It is sufficient that the size does not exceed the thickness of (A), preferably
It is 0.1 to 200 µ, more preferably 1 to 100, particularly preferably 1 to 60 µ. By adjusting the size of the particles within the above range, generally, among the objects of the present invention, excellent characteristics such as appropriate tensile elongation of the obtained multilayer pressure-sensitive adhesive structure and smoothness of the pressure-sensitive adhesive layer are exhibited. It is preferred.

As the filler that can be used in the present invention, any of an organic filler and an inorganic filler can be used as long as the filler can be stably dispersed in the pressure-sensitive adhesive layer (A).

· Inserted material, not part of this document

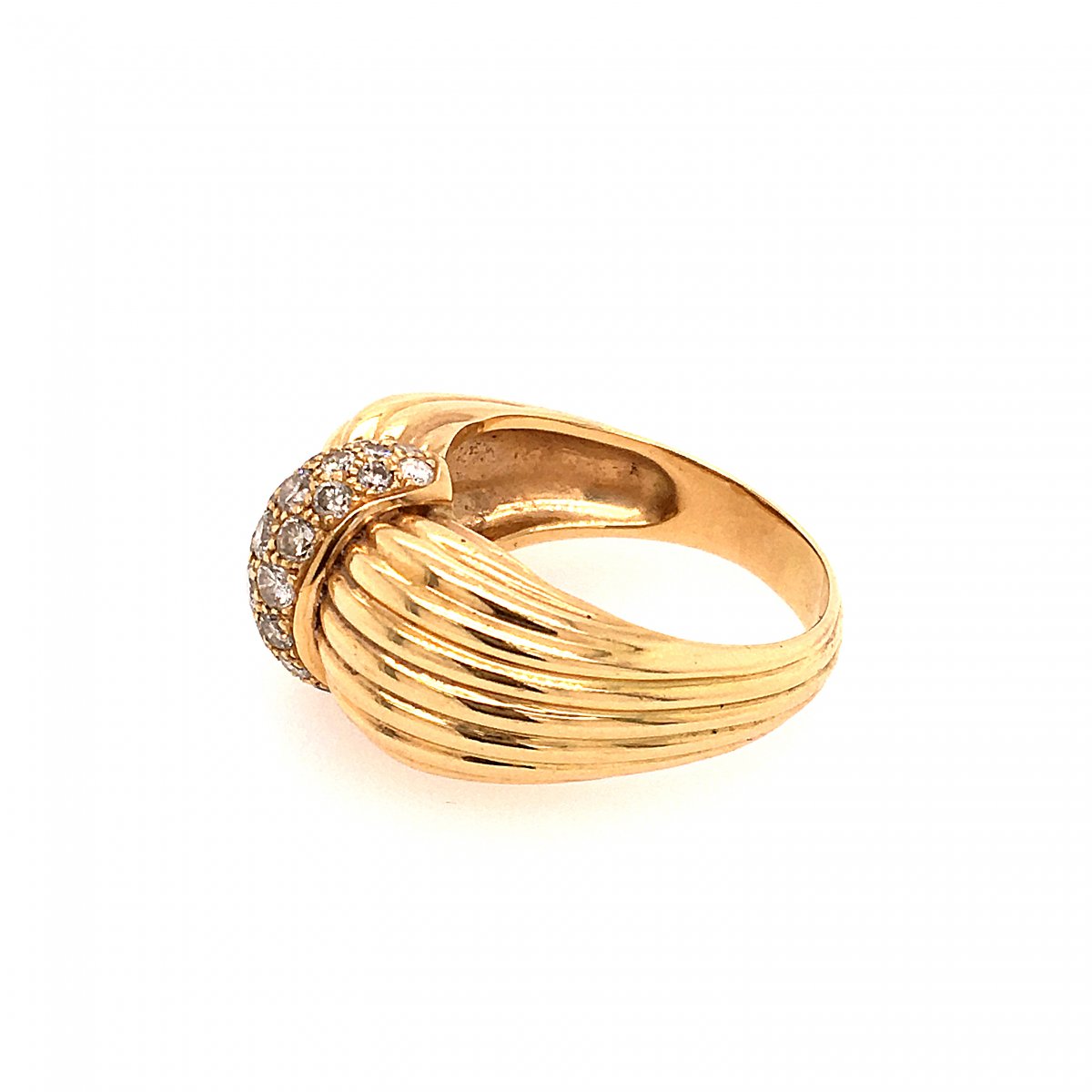 Bague Godron Or Jaune Pavage Diamants-photo-2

Examples of the organic filler include powders of various (co) polymers, for example, (meth) acrylates such as methyl methacrylate polymer, ethyl methacrylate polymer and methyl methacrylate-divinylbenzene copolymer. -Based (co) polymer; for example, styrene-based (co) polymers such as styrene polymer and styrene-divinylbenzene copolymer; for example, ethylene-acrylic acid copolymer, ethylene-ethyl acrylate copolymer, ethylene- Olefinic (co) polymers such as propylene copolymers;

For example, styrene-butadiene copolymer,
Styrene-isoprene copolymer, acrylonitrile-butadiene copolymer, methyl methacrylate-butadiene copolymer, cross-linked isoprene rubber, cross-linked chloroprene rubber,
Rubber resins such as cross-linked butyl rubber; vinyl chloride (co) polymer; vinylidene chloride (co) polymer; fluororesin; saturated polyester resin; polyamide resin;

Powders of various thermoplastic resins or thermosetting resins such as unsaturated polyester resins; polycarbonate resins; amino resins; silicone resins; epoxy resins; urethane resins; powder,
Cellulose-based polymer powders such as powdered rayon and the like can be mentioned.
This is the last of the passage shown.